The news is positive for utility scale solar developers who can now avoid solar tariffs imposed on imports through 2021, procure majority of their solar panels in later years, and still qualify for the higher tax credits," Credit Suisse says.

 

The Internal Revenue Service released a new guidance Friday that establishes when the construction of a solar facility starts to qualify for the solar Investment Tax Credit (ITC). The guidance, Notice 2018-59, provides two methods for determining the “commence construction” date: 1) starting physical work of a significant nature or 2) meeting the “five percent safe harbor test” by incurring 5 percent or more of the total cost of the facility in the year that construction begins.
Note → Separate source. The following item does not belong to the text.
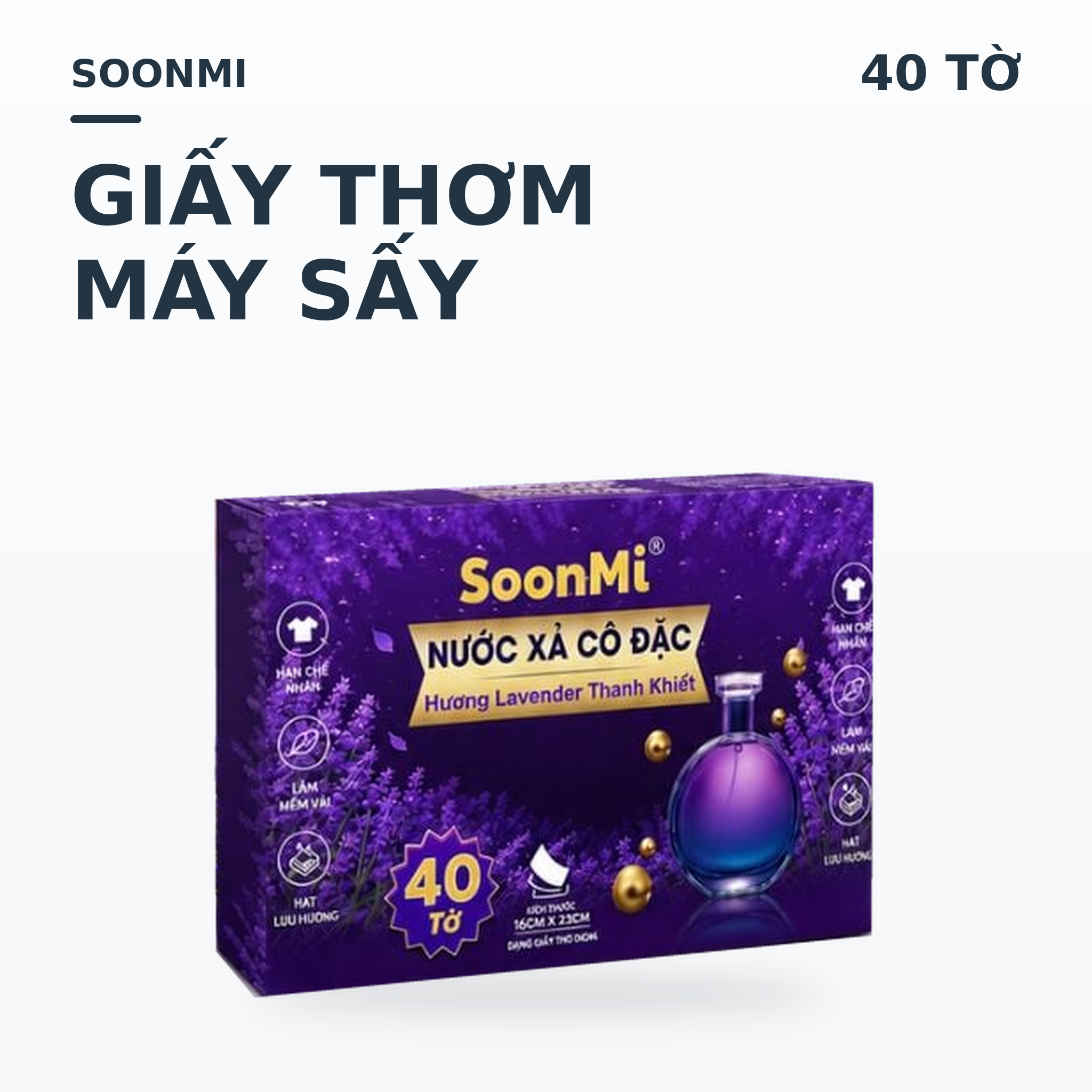 Giấy thơm máy sấy Soonmi Lavender – Hộp 40 tờ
Both residential and commercial solar projects may qualify for the full 30 percent ITC through 2019, as long as the project is placed into service before 2024. The ITC steps down to 26 percent in 2020, then 22 percent in 2021. In 2022, the residential credit (Section 25D) will drop to zero, while the commercial and utility credit will drop to a permanent 10 percent.

The new IRS guidance on the ITC closely follows to separate guidance published for the wind industry’s production tax credit (PTC). According to the research firm Washington Analysis, the IRS guidance includes “few surprises or anything that would suggest an effort to limit the credit’s benefit for the industry.”